Architect-designed property could court the buyers

Tommy Barker says Rockrohan Court has plenty of potential

Architect-designed property could court the buyers

THREE into one does go, at least in the case of Rockrohan Court, a spot on Cork’s Model Farm Road where the pavilion form has been done out in triplicate.

Built in the 1970s to an architect’s firm fingerprint, it has three largely square forms interlinked to give a fine family home, with well over 3,000 sq ft of space.

It hit the 2008 market just last weekend, and early viewings have people pleased and perplexed in almost equal measures by the potential it holds.

Its location is its prime strength, followed by the acreage, 2.25 acres in this green-belted area just west of Cork city’s main hospitals (the vendor is a medic) and its two third-level colleges.

But, don’t overlook the house. Dated (in the better sense of the word) as the house is in its decor, those who look beyond it and see the logic and flow of interior space will begin to value it all the more. After all, there aren’t too many family homes that could have hosted a family wedding for 250 (with a marquee easily located on the lawns), or 350 medics in Cork for an academic conference, all milling about for drinks, a buffet and a second opinion.
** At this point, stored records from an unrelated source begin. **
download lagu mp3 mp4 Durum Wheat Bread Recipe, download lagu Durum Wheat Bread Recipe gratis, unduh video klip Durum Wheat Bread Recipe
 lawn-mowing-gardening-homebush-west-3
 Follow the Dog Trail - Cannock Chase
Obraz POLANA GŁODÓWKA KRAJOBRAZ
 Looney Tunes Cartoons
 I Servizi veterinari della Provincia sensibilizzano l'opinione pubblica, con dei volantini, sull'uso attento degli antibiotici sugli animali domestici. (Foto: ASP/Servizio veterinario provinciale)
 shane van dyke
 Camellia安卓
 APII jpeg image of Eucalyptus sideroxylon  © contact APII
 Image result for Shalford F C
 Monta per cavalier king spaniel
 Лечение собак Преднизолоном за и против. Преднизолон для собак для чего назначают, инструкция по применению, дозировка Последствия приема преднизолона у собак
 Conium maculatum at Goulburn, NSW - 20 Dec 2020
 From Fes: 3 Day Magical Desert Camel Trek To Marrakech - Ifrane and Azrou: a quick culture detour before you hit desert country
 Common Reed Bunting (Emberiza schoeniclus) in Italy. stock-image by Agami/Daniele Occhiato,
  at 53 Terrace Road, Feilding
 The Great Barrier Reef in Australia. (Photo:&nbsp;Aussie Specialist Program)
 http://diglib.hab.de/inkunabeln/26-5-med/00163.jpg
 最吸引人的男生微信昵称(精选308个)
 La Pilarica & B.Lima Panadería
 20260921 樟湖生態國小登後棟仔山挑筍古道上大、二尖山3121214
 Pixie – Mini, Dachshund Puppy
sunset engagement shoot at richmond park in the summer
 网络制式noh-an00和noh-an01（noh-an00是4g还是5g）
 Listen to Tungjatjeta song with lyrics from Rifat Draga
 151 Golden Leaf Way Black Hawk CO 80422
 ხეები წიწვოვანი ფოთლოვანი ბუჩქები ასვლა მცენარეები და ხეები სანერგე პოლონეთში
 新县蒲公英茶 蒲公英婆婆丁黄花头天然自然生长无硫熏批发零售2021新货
Rockrohan Court has its six bedrooms (three with en suites) divided out to the two end wings, so there’s privacy for all, including guests, and the main family bathroom is a bit of a time-piece, with a sunken bath with gold taps, and chequerboard black and white tiling. It is as authentic in its period styling as a claw-foot bath in a Victorian original.

Its middle core is the beating heart and home to a very big lounge (with low level gas fire in a reconstituted quartz stone chimney breast) a formal dining room with dual aspect, a kitchen/breakfast room divided by a low counter and ancillary rooms as well. There’s also a bar, which manages to avoid the normal cheesy look of this questionable domestic fixture.

Linking corridors or halls are rooms in themselves, especially the long rear hall which both looks out on and opens out to the sheltered back courtyard and garden, which is complete with a heated outdoor swimming pool and courtyard/terrace.

There are several covering up options for the pool, winter and summer, and there’s a pavilion-like pool house with changing room, WC and shower.

Its vendor is only selling as he is down-sizing, and Michael McKenna of McKenna O’Donoghue Clarke Real Estate Alliance is charged with the sale.

It has a price tag of €2.5 million, and it will take more spending: the gamut will run from painting the dark wood ceilings a lighter shade and redecorating/flooring, to an more major overhaul. Some will even think about knocking and replacing.

Some of the design/decor touches are the equivalent of 1970s flared jeans and cheesecloth shirts: they come around into fashion briefly again every now and then. It still has original 1970s recessed lighting in much of its ceilings, as well as vents, and the original low-level central heating and concealed rads has largely been replaced with electric storage heating: it works a treat, and the house is warm, says the vendor, who has already put in double glazing, recently re-roofed and rewired.

The grounds have been scrupulously kept, and are fringed in part by an avenue of 150-year-old trees, while more recent planting includes a spreading chestnut tree, tulip tree, magnolia, and sundry rhododendrons, azaleas, camellias and more. Trenches of suitable soil were trucked in to get the growing base right for these acid loving plants, and they spill over one another in sequential colour. Views from many of the windows are colourful still lifes, waiting to be painted by budding artists.

The fact many of the windows are tall helps bring even more light into the house: it is reckoned that tall windows bring in more light than wide ones given our northern hemisphere latitude, while the frequency of corner windows, given the structure’s collection of three pavilion boxes maximising outside walls, adds to the vista viewing potential.